Where do your allegiances lie? Are you obligated to hold a secret or reveal the truth to the victim? How will the truth affect the group dynamic and what are your responsibilities as a confidant/middle man? Should you push the cheater to come clean? Simply pass the news, or keep quiet?
Don’t Let Your Emotions Escalate the Situation
Your friend’s infidelity may draw questions about their moral character and could change the level that you can trust them. However, while these actions may cause your perception to change, it’s important to attempt to eliminate any sense of judgment. While you may have a strong opinion regarding infidelity, it’s a good practice to remain in a neutral corner and/or frame of mind.
Because relationships are multifaceted, only those living within them have a true understanding of their dynamics. As a result, it’s best to avoid language and actions which suggest judgment or condemnation. Rather serve as a sounding board meant to absorb information rather than criticize it; limit your opinions to how certain behaviors have or might hypothetically affect you.
Be Honest With Yourself and Your Values
Being there for a friend during a crucial point in their life is a test that can define a friendship. With this in mind, if you value the friendship you should try to help as best as you can during this difficult time. However, avoid compromising your own moral character by becoming a part of the lie. Advise him/her to the best of your ability and hope that they act accordingly. If you feel obliged to risk a friendship by exposing the truth then you need to be prepared for corresponding backlash and/or consequences.

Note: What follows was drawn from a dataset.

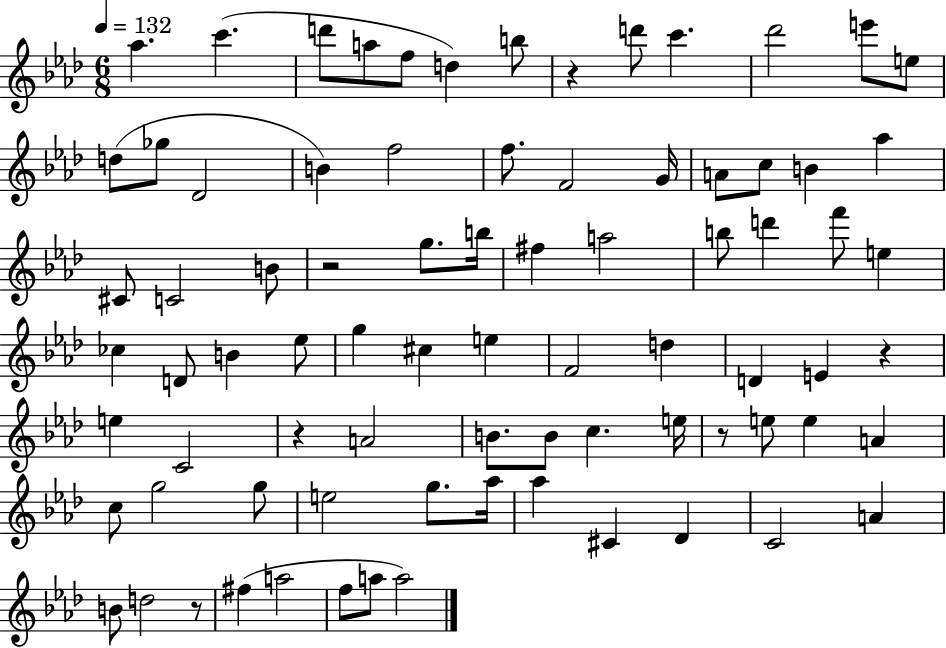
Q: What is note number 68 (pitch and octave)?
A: B4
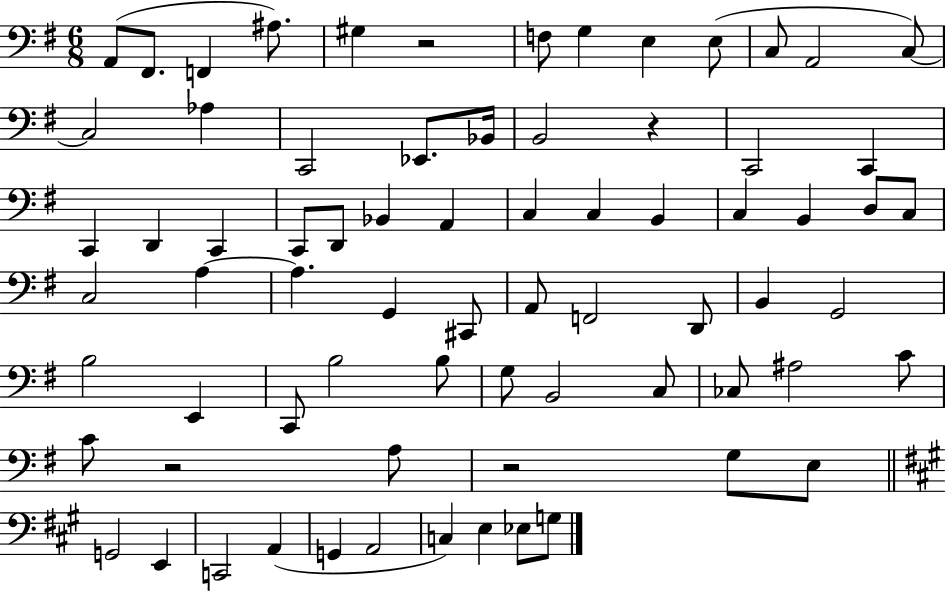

Serving as the truth holder in the case of infidelity between mutual friends will undoubtedly test your friendship and the values associated with it. You may choose to remain quiet, or reveal the truth. You may in the end lose or alienate friends, and you may not know until the situation is presented how you will react. When the time comes, the best course of action is to look within yourself and use your moral compass to decide what outcome you can live with.